Tracing of the syscall happens _after_ syscall_trace_enter() invoked
rseq_syscall_enter_work() which canceled the timer and set
NEED_RESCHED. That immediately rescheduled _after_ the preempt enable:

  syscall()
    do_syscall_64()
      syscall_enter_from_user_mode() {
        syscall_enter_from_user_mode_work()
          syscall_trace_enter()
            rseq_syscall_enter_work()
              preempt_disable()
              hrtimer_try_to_cancel()
                remove_hrtimer()                <- tracepoint
              set_need_resched()
              preempt_enable()
                schedule()
           ...
           trace_sys_enter()                    <- tracepoint

Even if it would not reschedule immediately the ordering would be
reverse.

Thanks,

        tglx
Re: [patch V2 00/12] rseq: Implement time slice extension mechanism
Posted by Sebastian Andrzej Siewior 3 months, 1 week ago
On 2025-10-27 19:48:56 [+0100], Thomas Gleixner wrote:
> 
> Tracing of the syscall happens _after_ syscall_trace_enter() invoked
> rseq_syscall_enter_work() which canceled the timer and set
> NEED_RESCHED. That immediately rescheduled _after_ the preempt enable:
> 
>   syscall()
>     do_syscall_64()
>       syscall_enter_from_user_mode() {
>         syscall_enter_from_user_mode_work()
>           syscall_trace_enter()
>             rseq_syscall_enter_work()
>               preempt_disable()
>               hrtimer_try_to_cancel()
>                 remove_hrtimer()                <- tracepoint
>               set_need_resched()
>               preempt_enable()
>                 schedule()
>            ...
>            trace_sys_enter()                    <- tracepoint
> 
> Even if it would not reschedule immediately the ordering would be
> reverse.

I know that know after doing the tracing.
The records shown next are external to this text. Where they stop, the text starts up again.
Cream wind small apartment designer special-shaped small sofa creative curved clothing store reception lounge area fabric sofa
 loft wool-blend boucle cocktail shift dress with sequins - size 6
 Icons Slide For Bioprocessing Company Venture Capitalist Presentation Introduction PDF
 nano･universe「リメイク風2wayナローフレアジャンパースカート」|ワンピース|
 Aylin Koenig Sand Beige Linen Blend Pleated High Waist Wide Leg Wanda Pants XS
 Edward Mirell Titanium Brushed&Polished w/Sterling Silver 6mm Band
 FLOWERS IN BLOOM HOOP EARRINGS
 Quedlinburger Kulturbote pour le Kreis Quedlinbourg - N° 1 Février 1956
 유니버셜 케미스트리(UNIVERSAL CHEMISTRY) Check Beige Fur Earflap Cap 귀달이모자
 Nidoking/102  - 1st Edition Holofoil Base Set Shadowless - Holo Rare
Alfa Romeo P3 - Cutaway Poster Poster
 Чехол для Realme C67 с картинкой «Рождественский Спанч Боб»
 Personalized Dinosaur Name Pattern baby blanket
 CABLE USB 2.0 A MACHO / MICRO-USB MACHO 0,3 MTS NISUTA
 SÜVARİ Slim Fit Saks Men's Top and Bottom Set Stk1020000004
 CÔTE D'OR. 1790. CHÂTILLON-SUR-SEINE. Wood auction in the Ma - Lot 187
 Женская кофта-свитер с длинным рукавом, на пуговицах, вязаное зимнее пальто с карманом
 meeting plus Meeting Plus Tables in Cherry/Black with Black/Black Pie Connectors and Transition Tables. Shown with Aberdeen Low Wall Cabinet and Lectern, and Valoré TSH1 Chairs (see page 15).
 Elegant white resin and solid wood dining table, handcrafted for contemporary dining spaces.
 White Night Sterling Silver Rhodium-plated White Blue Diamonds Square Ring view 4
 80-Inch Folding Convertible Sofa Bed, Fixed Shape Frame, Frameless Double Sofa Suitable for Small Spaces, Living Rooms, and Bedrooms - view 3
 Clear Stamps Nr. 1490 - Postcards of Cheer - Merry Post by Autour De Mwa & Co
But having only the sched
events looked like the slice gets granted and usecs later scheduling
happens. Adding interrupts and syscalls continued pointing to the wrong
direction.
Maybe the lack of events here is okay if you know what you do and what
to expect in terms of available trace events.

In that spirit, I did test it and didn't find anything wrong with it ;)

> Thanks,
> 
>         tglx

Sebastian